Task requirements: Because the images are not wanted, restate every line below word for word without them.

Provided material:
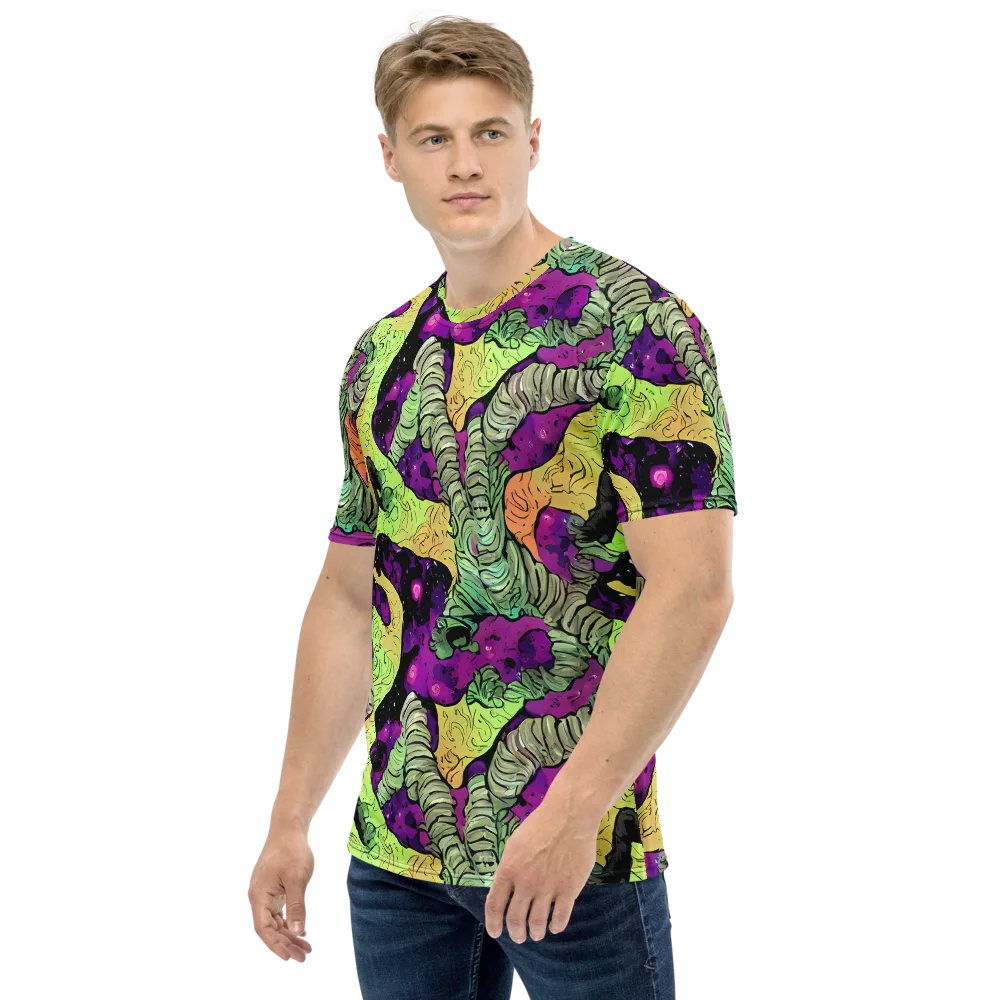 Midnight Tropica on Men's Crew Neck T-Shirt — Left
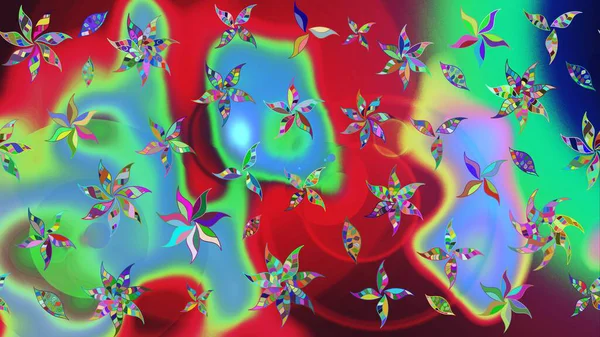 Eskiz arkaplan modeli. Yeşil ve mavi renkli yapraklı yabani çiçekler. Raster illüstrasyonu. Suluboya, elle çizilmiş.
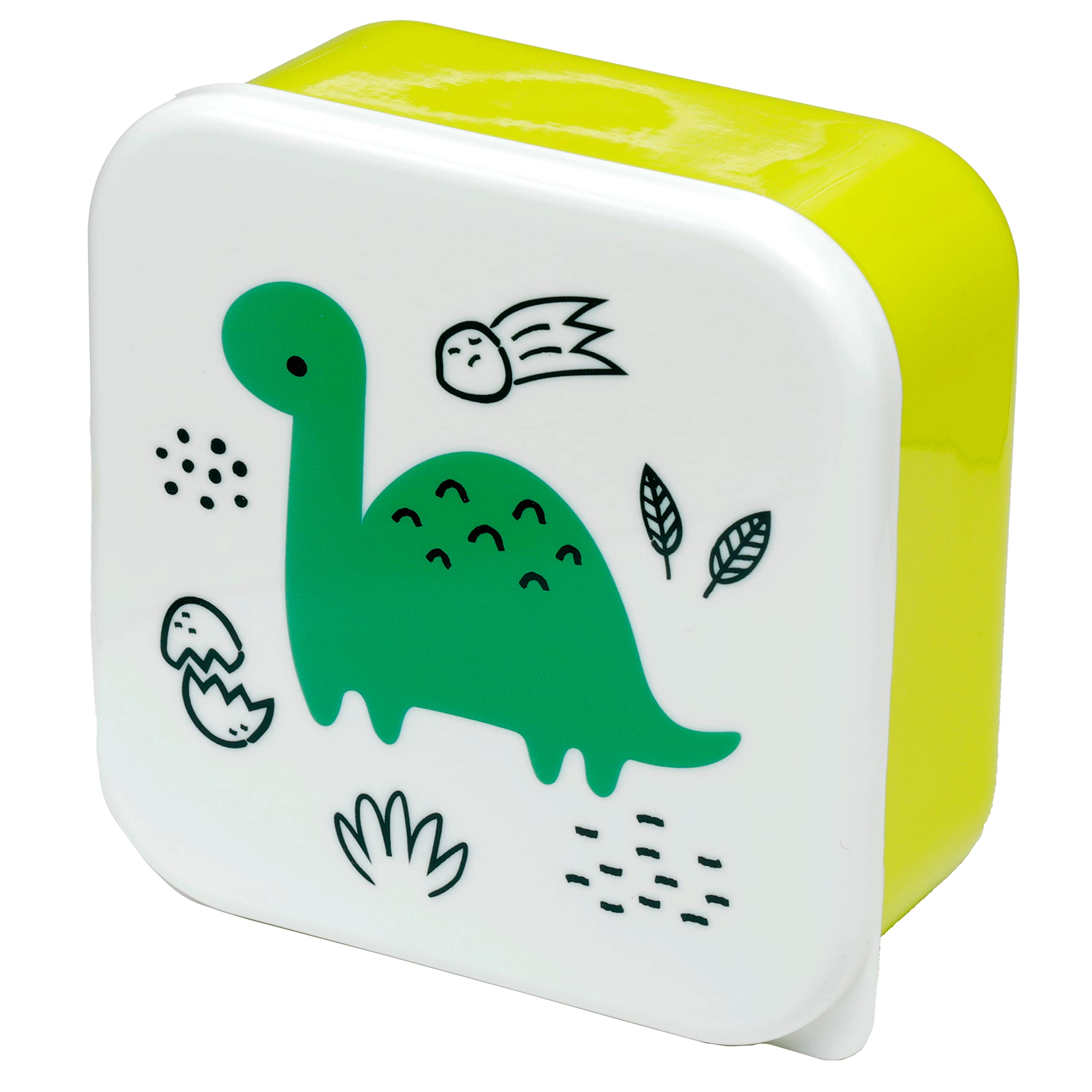 Puckator Dinosauria Jr 3-Piece Lunch Box Set with Multi-Compartment Storage (S/M/L) - Reusable Food Containers for Kids & Adults - BPA-Free Snack Boxes for School, Work & Picnics - Durable Lunch Containers with Secure Lids for Meal Prep & On-the-Go Eating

Answer box:
 Midnight Tropica on Men's Crew Neck T-Shirt — Left
 Eskiz arkaplan modeli. Yeşil ve mavi renkli yapraklı yabani çiçekler. Raster illüstrasyonu. Suluboya, elle çizilmiş.
 Puckator Dinosauria Jr 3-Piece Lunch Box Set with Multi-Compartment Storage (S/M/L) - Reusable Food Containers for Kids & Adults - BPA-Free Snack Boxes for School, Work & Picnics - Durable Lunch Containers with Secure Lids for Meal Prep & On-the-Go Eating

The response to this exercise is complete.